After Skottie Young's Rocket Raccoon, there was Rocket Raccoon and Groot, also written by Young, but drawn by Filipe Andrade, whose art ensured I didn't last past issue #1. Post-Secret Wars, there was a brief Rocket series when the Guardians were stuck on Earth for some reason. And in late 2017, we get this, ultimately 6-issue mini-series, about Rocket being duped into pulling a heist, then trying to pull another heist to balance all debts.
Most of it feels like Ewing using Rocket to write a noir/heist story. You've got Rocket getting fooled by a lady otter from his past into stealing land deeds for a corporation. He ends up working with another dangerous, amoral woman and her crew (Gatecrasher and Technet.) There's a prison break, one much quieter and less chaotic than Skottie Young's, although the freak out Rocket fakes to kick off his plan feels like a play off Young's feral, hyper-violent version.
The art mirrors the tone. Gorham's Rocket is similar to Young's in proportions and stance, but this isn't a book for exaggerated reactions, so there's none of that. A lot of the people involved are wearing nice suits or dresses like you'd see on Earth, rather than anything alien. The prison Rocket's stuck in is (with the exception of its version of solitary) much like an Earth prison.
Ewing's Rocket has some charm and plenty of self-confidence, but mostly accepts double-crosses and bad outcomes with muttered curses and weary resignation. He's not shooting wildly or hamming things up for the hell of it. If the book isn't necessarily drenched in shadows like a noir, Garland keeps the colors dulled. The setting being outer space may be strange to us, but it's old hat to Rocket. There's nothing bright or whiz-bang about it these days.
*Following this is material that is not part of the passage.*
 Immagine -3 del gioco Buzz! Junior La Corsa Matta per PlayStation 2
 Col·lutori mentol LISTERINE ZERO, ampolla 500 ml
Even a group of oddballs like Technet is treated as something that isn't noteworthy or odd. Not that they're played as a joke, just that, with the exception of Joyboy (who's more malevolent in Ewing's hands than I remember from Alan Davis' Excalibur), their powers and their shtick are not considered strange. They aren't adversaries, even when they cook up a scheme to keep busting Rocket out of prison so they can turn him in again for the bounty. They're businesspeople, who can be negotiated and bargained with, if you speak the language. So they aren't (again, excepting Joyboy), drawn as particularly menacing.
In the last issue, Ewing's tries to make most of the past Rocket Raccoon stuff fit. The events of the Mantlo/Mignola mini-series did happen, no longer just some stuff in a book Rocket scoffs at. Rocket was the protector of the Keystone Quadrant. He fought killer clowns and lethal clouds to protect the Loonies, alongside his pal Wal, and his lady love Lylla. They left their home, and in the wider galaxy, Rocket stopped being so heroic, fell in with Otta, got arrested, met Star-Lord. "Blam! Murdered you!" gets referenced, though this Rocket is more cerebral, playing with him being an innate tactical genius. Never busting out any ludicrously large guns, and mostly trying to avoid killing.
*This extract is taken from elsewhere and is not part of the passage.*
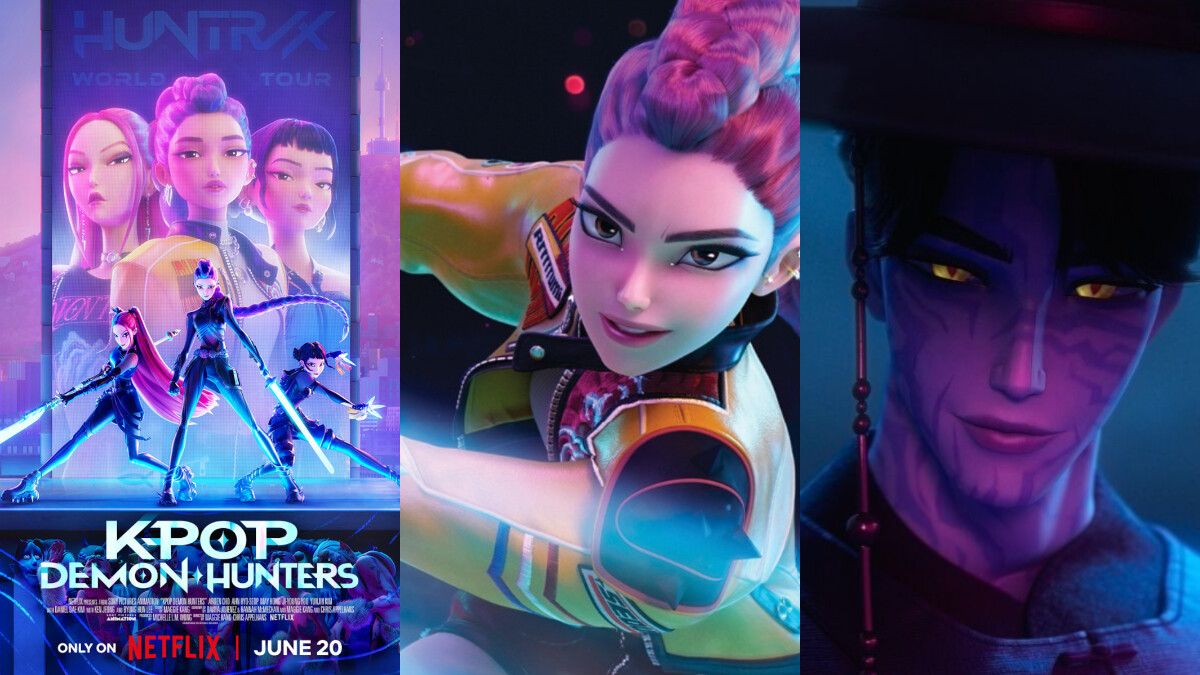 Netflix 動畫電影《Kpop 獵魔女團》劇情角色4大看點，TWICE參戰！用KPOP拯救世界，來一首安可曲！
(The series doesn't address the back-up story in Annihilators where Halfworld is still a psychiatric planet, and only Rocket actually left, and that because there's a dangerous bit of info stored in his mind, although Ewing does have Lylla and Blackjack O'Hare end up married, which was a part of that.)
Ewing doesn't really explain how Rocket ended up like this beyond "people change." Stuff keeps happening, time keeps passing, and one day, you aren't the person you used to be. At least, that's what Rocket tells himself. It's apparent at least part of the guy he used to be is still in there. Otta manipulates him by making him think they're helping the little guy, and even after all that, he still tries to reason with her. So if that guy is still in there somewhere, was it the rift with Lylla that caused Rocket to try and bury that part of himself, or did the shift cause the rift? Or are they simply unrelated outcomes of being thrown into a much wider, more dangerous universe?
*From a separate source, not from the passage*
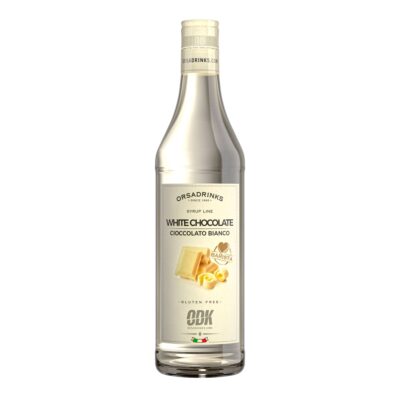 Sirop ODK Ciocolată albă 750 ml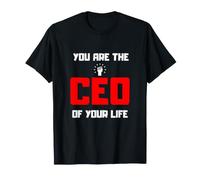 Sii Il - Ceo della Tua Vita Maglietta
I want to add the book isn't all misery and betrayal. There's a gag with Rocket's attorneys in issue 2, and there's a Deadpool team-up in issue 4. Granted, Deadpool is running from his fuck-ups during Secret Empire, but Ewing gets some mileage out of 'Pool trying to pretend to be a gangster, and Rocket getting absolutely none of his references. Well, why would he? All of Star-Lord's are from the '80s, and Deadpool's are even more dated than that!